The announcement came as the army and heavily armed paramilitaries in Khartoum continued fighting, even as a widely breached ceasefire was extended for 72 hours.
UN emergency relief coordinator Martin Griffiths, who will serve as the envoy, said in a separate statement Sunday that Sudan's "humanitarian situation is reaching breaking point".
"I am on my way to the region to explore how we can bring immediate relief to the millions of people whose lives have turned upside down overnight," he said.
However, massive looting of humanitarian offices and warehouses had "depleted most of our supplies. We are exploring urgent ways to bring in and distribute additional supplies," he said.
The "obvious solution," he added, would be to "stop the fighting".
More than 500 people have been killed and tens of thousands of people forced to leave their homes for safer locations within the country or abroad since battles erupted on April 15.
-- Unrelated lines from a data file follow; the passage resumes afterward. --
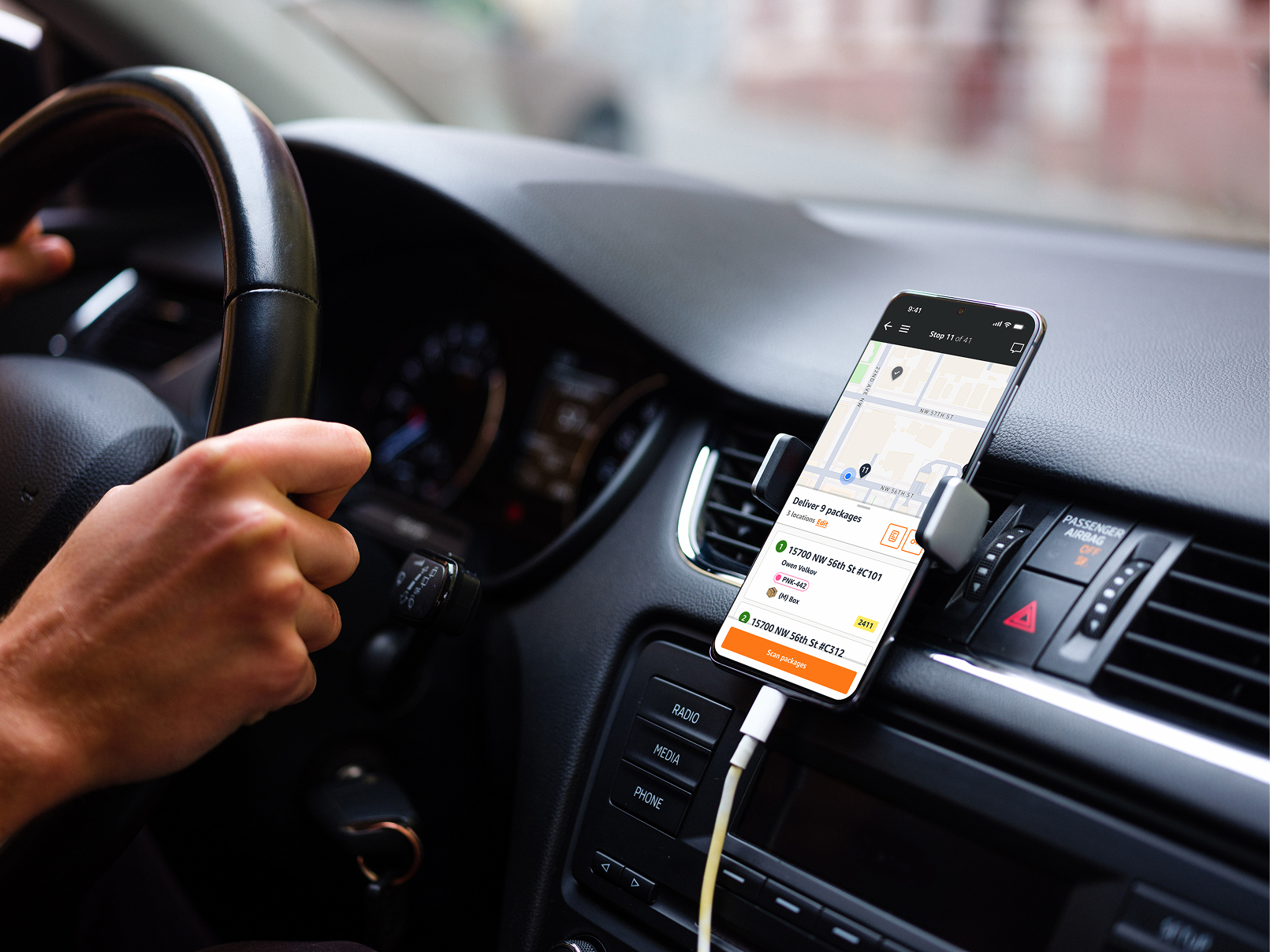 A driver at the wheel with the Amazon delivery app showing a grouped stop on a dash-mounted phone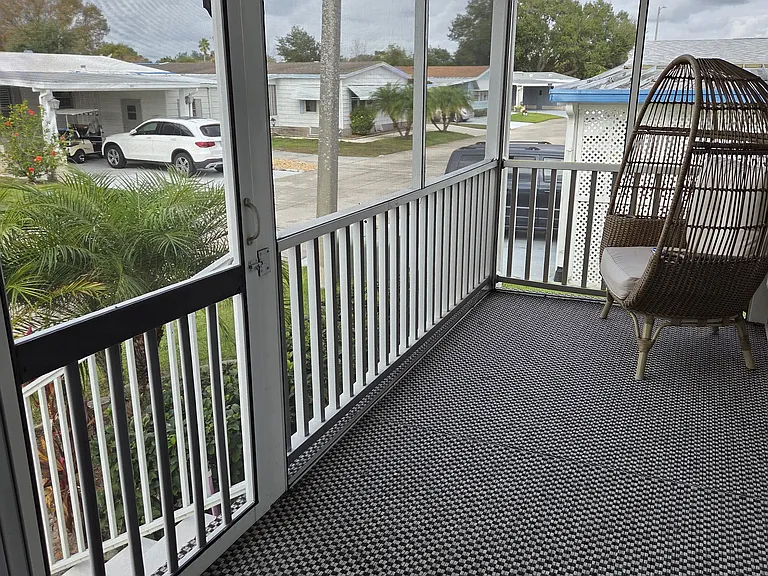 Welcoming enclosed carpeted patio with ceiling fan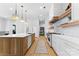 Modern kitchen with white cabinets, marble island, and herringbone backsplash at 109 Myers Port Way # 2, Mooresville, NC 28117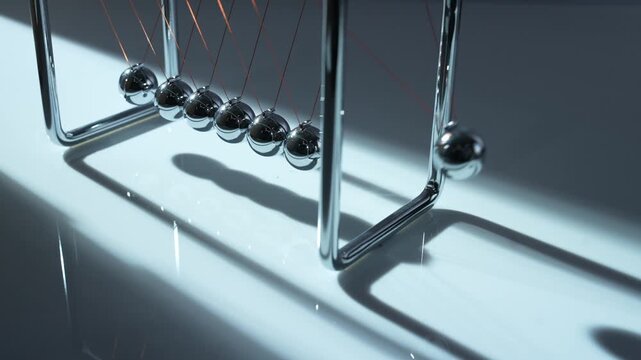 Newton's Cradle Pendulum Physics Demonstration with Chrome Steel Balls Showing Momentum Transfer and Energy Conservation
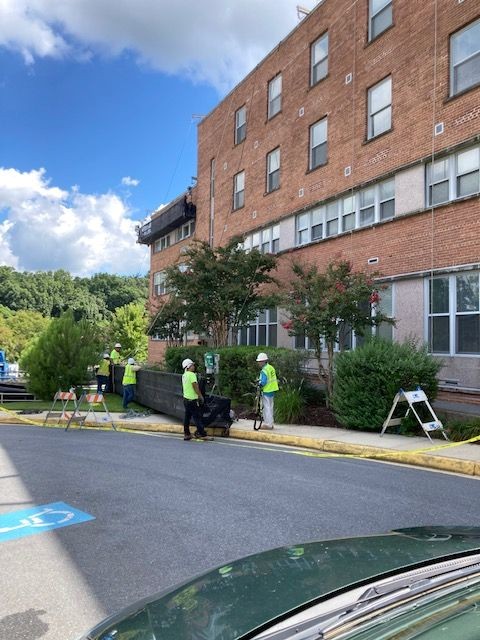 Photo of five construction workers in hi-viz work vests and hardhats, working on the brick exterior of St. Ann's Center.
"In light of the rapidly deteriorating humanitarian crisis in Sudan," spokesman Stephane Dujarric said in a statement announcing Griffiths' deployment, the envoy would travel "to the region immediately".
"The scale and speed of what is unfolding is unprecedented in Sudan," his statement said. "We are extremely concerned."
Griffiths said that families were struggling to access water, food, fuel and other commodities, with some unable to relocate due to the cost of transportation out of the worst-hit areas.
Urgent health care, he said "is severely constrained, raising the risk of preventable death".
Five containers of intravenous fluids and other emergency supplies were docked in Port Sudan awaiting clearance by authorities, he added.
For its part, the United Nations' World Food Programme said on Monday it will immediately lift the suspension of its operations in Sudan that was put in place after the deaths of its team members.
"WFP is rapidly resuming our programs to provide the life-saving assistance that many so desperately need right now," WFP executive director Cindy McCain wrote on Twitter.
The WFP said on April 16 it had temporarily halted all operations in Sudan after three of its employees were killed in clashes between the Sudanese army and the paramilitary Rapid Support Forces (RSF) a day earlier.